Problem statement —
Print out each entry below exactly, please.
BEGIN Records shown
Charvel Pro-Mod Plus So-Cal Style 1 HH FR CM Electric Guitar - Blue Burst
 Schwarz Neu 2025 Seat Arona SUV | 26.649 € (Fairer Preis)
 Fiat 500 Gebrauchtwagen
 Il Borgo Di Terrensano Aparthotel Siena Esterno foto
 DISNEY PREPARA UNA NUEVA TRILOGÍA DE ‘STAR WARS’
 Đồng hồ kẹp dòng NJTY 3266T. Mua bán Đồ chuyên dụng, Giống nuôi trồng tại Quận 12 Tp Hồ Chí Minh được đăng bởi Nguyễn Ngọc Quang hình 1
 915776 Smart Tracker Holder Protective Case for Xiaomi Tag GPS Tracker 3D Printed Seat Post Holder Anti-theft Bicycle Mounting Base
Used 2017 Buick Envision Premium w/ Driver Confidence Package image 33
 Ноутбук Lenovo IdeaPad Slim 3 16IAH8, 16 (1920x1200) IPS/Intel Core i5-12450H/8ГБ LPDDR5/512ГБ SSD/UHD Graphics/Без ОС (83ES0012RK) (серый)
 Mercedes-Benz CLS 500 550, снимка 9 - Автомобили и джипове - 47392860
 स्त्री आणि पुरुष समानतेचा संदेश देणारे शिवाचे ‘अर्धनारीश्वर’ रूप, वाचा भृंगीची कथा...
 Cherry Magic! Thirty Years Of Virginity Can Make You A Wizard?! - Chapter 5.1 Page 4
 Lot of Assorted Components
END Records shown
Written answer —
Charvel Pro-Mod Plus So-Cal Style 1 HH FR CM Electric Guitar - Blue Burst
 Schwarz Neu 2025 Seat Arona SUV | 26.649 € (Fairer Preis)
 Fiat 500 Gebrauchtwagen
 Il Borgo Di Terrensano Aparthotel Siena Esterno foto
 DISNEY PREPARA UNA NUEVA TRILOGÍA DE ‘STAR WARS’
 Đồng hồ kẹp dòng NJTY 3266T. Mua bán Đồ chuyên dụng, Giống nuôi trồng tại Quận 12 Tp Hồ Chí Minh được đăng bởi Nguyễn Ngọc Quang hình 1
 915776 Smart Tracker Holder Protective Case for Xiaomi Tag GPS Tracker 3D Printed Seat Post Holder Anti-theft Bicycle Mounting Base
Used 2017 Buick Envision Premium w/ Driver Confidence Package image 33
 Ноутбук Lenovo IdeaPad Slim 3 16IAH8, 16 (1920x1200) IPS/Intel Core i5-12450H/8ГБ LPDDR5/512ГБ SSD/UHD Graphics/Без ОС (83ES0012RK) (серый)
 Mercedes-Benz CLS 500 550, снимка 9 - Автомобили и джипове - 47392860
 स्त्री आणि पुरुष समानतेचा संदेश देणारे शिवाचे ‘अर्धनारीश्वर’ रूप, वाचा भृंगीची कथा...
 Cherry Magic! Thirty Years Of Virginity Can Make You A Wizard?! - Chapter 5.1 Page 4
 Lot of Assorted Components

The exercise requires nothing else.